When you write tests for your data, you are testing for “known unknowns”. The next step you can take is testing for “unknown unknowns”, which on contrary are not apparent during the creation of the data systems. Detecting these issues is typically done through health checks and anomaly detection on collected metrics through simple thresholding or forecasting-based methods.

Monitoring the percentage of faulty rows or checking whether the number of days since the last update does not exceed the historical average duration are good examples of proxy measures that can detect “unknown unknowns”.

Performing data profiling by defining rule-based sets of metrics to be computed on all columns within your dataset can give you a good starting point when writing tests.
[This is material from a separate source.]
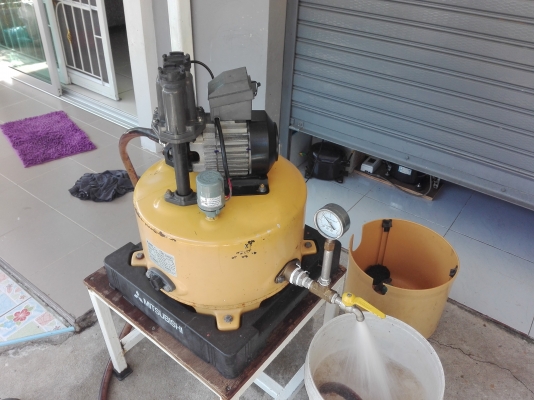 ขายปั้มน้ำ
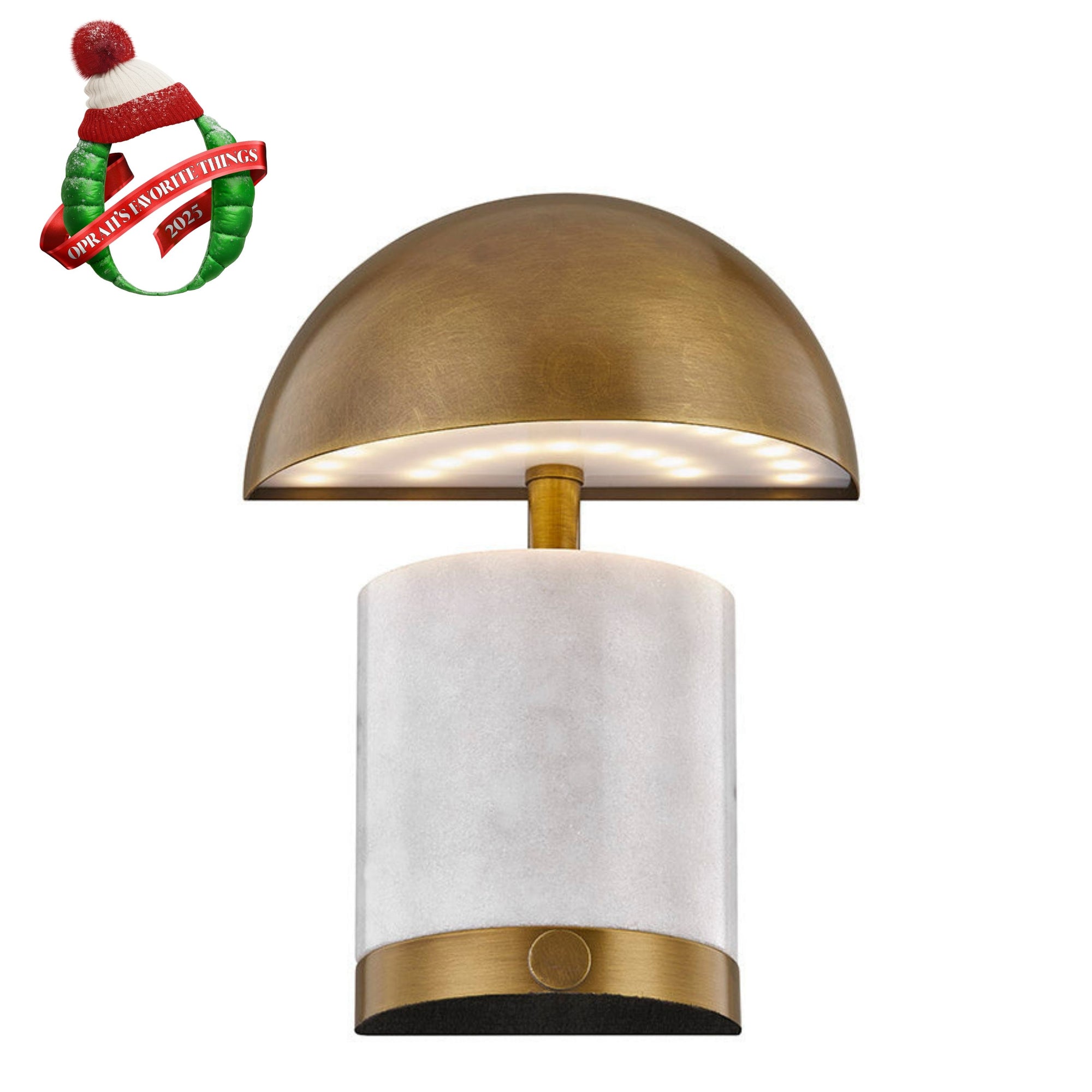 Cora Rechargeable Table Lamp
Some data processing tools like OpenRefine and AWS DataBrew have built-in data profiling to aid in building cleaning transformations. Similarly, it can also be a powerful tool when combined with anomaly detection for building automated monitoring systems.
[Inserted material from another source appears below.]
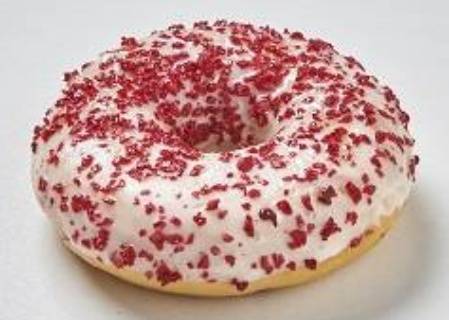 NEW Donut fraise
Presenting the data profiles, quality information, and schema as part of a dashboard or data catalog can provide a lot of value for your business. Similarly, setting the right governance structure where the issues and alerts reach the appropriate team is an important aspect of maintaining high data reliability.
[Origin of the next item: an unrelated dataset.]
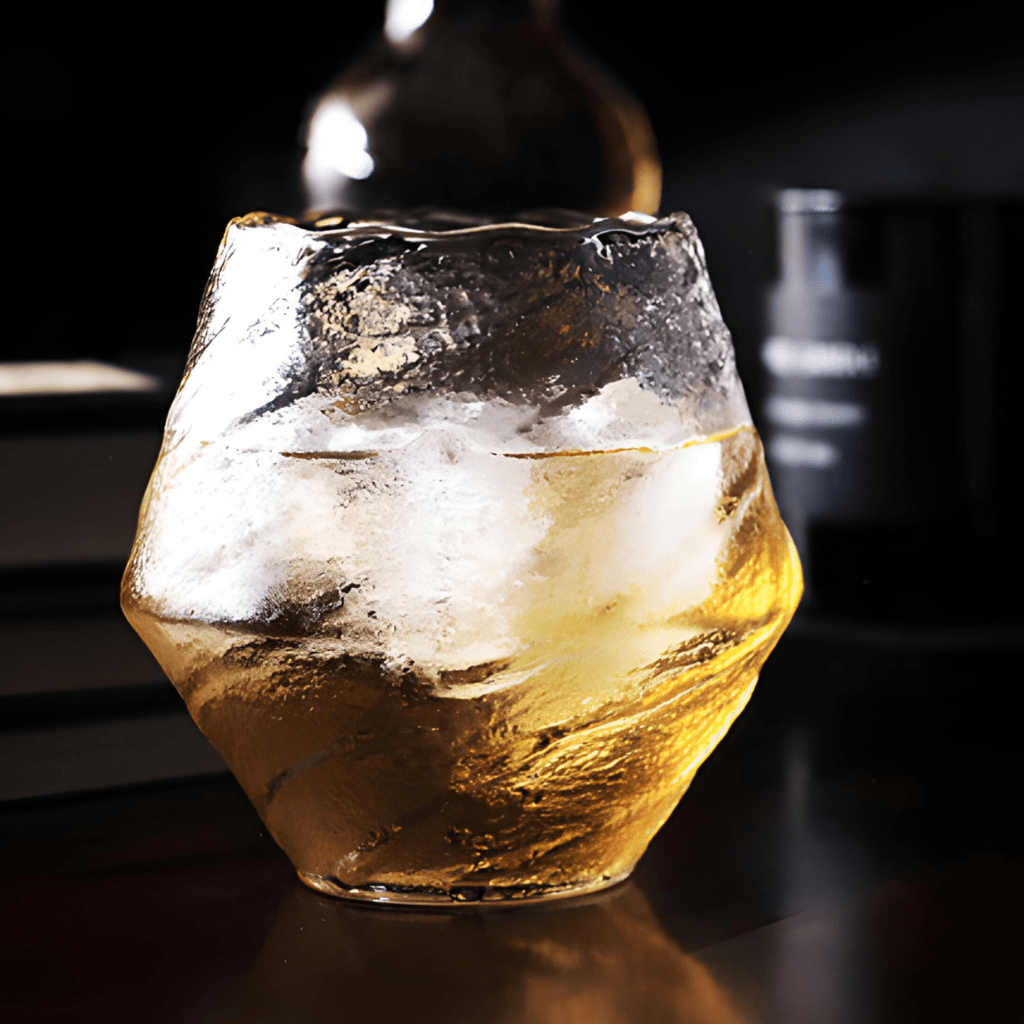 Vaso de Whisky de Cristal – Yume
For additional guidelines on improving data reliability, consider reviewing AWS Well-Architected Data Analytics Lens.

🔗Data Testing Patterns

When it comes to designing reliable data systems, it's essential to handle errors gracefully both during data quality testing and transformation. Depending on your environment, there are various testing approaches you can take. A common first concern is determining when and where to run data quality checks.

Many cases such as ETL pipelines prefer on-demand execution where the quality of raw data is evaluated at the source or the destination after loading the data. This approach ensures that the transformation step can handle the data before actual processing is applied. Both approaches have their benefits; testing before load requires query access to the source database and may put excessive load on the application database, while loading data beforehand may result in additional latency.

Similarly, scheduled execution periodically tests data quality in source tables and reports if any issues arise. This approach is typically found in data warehouse solutions, where transformation is postponed until query evaluation using views.

A notable benefit of on-demand execution is that one can immediately act on it. As such, the circuit breaker pattern is utilized to break off pipeline execution if (batch) data does not pass the error checks or an anomaly is detected. The trade-off is that the rest of the system keeps using stale or partial data until the issue is resolved.

To expand on this methodology, data quarantining is another related pattern that defines a flow where faulty data is set aside. The quarantined data can be used to fix the issues and reprocessed at a later date to ensure that no data loss occurs. This approach works particularly well for incremental processing pipelines or pipelines without idempotency property (i.e., processing data multiple times results in a different dataset).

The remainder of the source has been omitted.